◆ Exercise ◆
The entries below contain a line with "American Style Workwear" and a line with "Summer white blouse". Retype exactly everything from the first down to the second, both included, and nothing else.

◆ Input records ◆
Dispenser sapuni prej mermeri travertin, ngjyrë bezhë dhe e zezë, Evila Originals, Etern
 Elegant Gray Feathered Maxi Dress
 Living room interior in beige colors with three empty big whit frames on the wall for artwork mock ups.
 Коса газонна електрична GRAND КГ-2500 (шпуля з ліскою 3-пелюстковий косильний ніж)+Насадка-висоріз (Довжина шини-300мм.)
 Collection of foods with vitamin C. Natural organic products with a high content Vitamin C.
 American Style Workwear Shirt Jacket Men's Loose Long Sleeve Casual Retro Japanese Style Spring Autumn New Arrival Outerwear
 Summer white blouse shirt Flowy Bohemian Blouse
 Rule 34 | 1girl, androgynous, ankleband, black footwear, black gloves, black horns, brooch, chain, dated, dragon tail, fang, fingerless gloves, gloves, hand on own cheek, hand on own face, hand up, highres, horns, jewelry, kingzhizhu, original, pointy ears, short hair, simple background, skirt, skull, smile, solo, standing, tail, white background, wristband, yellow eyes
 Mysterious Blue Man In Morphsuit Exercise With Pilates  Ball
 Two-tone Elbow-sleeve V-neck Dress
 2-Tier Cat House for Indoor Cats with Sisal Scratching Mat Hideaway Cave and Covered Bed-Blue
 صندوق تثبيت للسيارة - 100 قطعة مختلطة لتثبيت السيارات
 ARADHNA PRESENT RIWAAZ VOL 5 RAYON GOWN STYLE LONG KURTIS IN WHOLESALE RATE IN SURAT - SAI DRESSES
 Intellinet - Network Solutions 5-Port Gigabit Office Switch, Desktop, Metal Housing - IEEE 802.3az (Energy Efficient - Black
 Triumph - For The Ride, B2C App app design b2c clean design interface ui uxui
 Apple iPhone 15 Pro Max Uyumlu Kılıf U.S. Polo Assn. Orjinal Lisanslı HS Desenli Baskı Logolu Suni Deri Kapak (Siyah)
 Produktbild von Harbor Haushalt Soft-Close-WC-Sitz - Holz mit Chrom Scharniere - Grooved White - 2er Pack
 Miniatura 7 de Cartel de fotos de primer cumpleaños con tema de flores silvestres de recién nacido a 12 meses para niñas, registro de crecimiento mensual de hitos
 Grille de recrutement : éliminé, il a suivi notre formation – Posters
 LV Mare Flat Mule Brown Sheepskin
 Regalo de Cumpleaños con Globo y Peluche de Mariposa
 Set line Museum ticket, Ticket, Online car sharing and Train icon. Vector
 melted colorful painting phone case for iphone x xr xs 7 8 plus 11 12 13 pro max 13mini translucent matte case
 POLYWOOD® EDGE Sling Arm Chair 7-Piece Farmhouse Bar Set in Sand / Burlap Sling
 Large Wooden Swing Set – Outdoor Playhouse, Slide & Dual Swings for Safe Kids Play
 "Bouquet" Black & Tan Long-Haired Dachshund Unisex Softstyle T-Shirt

◆ Result of this exercise ◆
 American Style Workwear Shirt Jacket Men's Loose Long Sleeve Casual Retro Japanese Style Spring Autumn New Arrival Outerwear
 Summer white blouse shirt Flowy Bohemian Blouse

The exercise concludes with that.